Even though the CPI-W tracks the price movements for a large basket of goods and services, its full name — the Consumer Price Index for Urban Wage Earners and Clerical Workers (note the italics) — denotes that it’s not an index tasked with measuring the inflationary pressures on seniors. Urban wage earners and clerical workers are usually working-age Americans who aren’t currently receiving a Social Security benefit, and they’re going to spend their money quite differently than retirees.
Compared to the average working American, retirees spend a higher percentage of their monthly budget on shelter (the largest component by weighting in the CPI-W) and medical care. Unfortunately, the CPI-W isn’t factoring in just how important these costs are for a majority of Social Security’s recipients.
And the TTM inflation rates for shelter and medical care, according to the Consumer Price Index for All Urban Consumers (CPI-U), were 5.2% and 3.2%, respectively, for the month ended in August. In other words, the two most important costs for retirees are rising at a rate well above the COLA they are expected to receive in 2025, which all but ensures that the purchasing power of a Social Security dollar will, once again, decline.
To make matters worse, the Medicare Trustees Report, which was released in May, is forecasting a 5.9% increase in monthly Part B premiums to $185 next year.
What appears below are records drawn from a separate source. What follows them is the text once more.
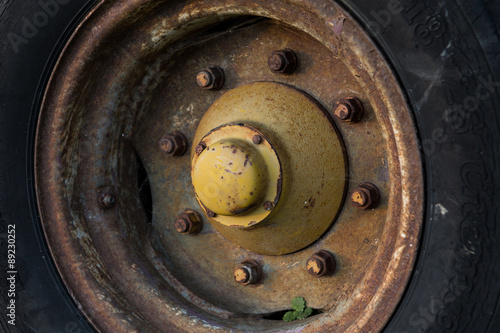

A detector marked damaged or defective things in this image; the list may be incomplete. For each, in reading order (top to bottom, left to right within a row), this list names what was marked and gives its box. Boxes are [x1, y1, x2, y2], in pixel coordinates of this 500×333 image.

rusted lug nut [268, 48, 298, 74]
rusted lug nut [197, 66, 225, 90]
rusted lug nut [334, 96, 366, 123]
rusted lug nut [158, 132, 188, 156]
rusty wheel rim [36, 1, 422, 330]
corroded metal [35, 0, 424, 332]
corroded metal [189, 122, 282, 228]
rusted lug nut [96, 191, 115, 209]
rusted lug nut [350, 183, 380, 209]
rusted lug nut [174, 210, 201, 233]
rusted lug nut [233, 258, 262, 284]
rusted lug nut [304, 249, 336, 274]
Part B is the segment of Medicare that’s responsible for outpatient services, and these premiums are often deducted from Social Security checks for recipients 65 and older (i.e., the traditional age of eligibility for Medicare).
If the Medicare Trustees’ guess proves accurate, it would mark the second consecutive year that Part B premiums have risen by 5.9%. This would almost certainly minimize the impact of next year’s 2.5% COLA for a majority of Social Security beneficiaries.
Although things could modestly change in the coming weeks, a disappointing COLA reveal that sets retirees up to face the dreaded buying power double-whammy looks to be on tap for 2025.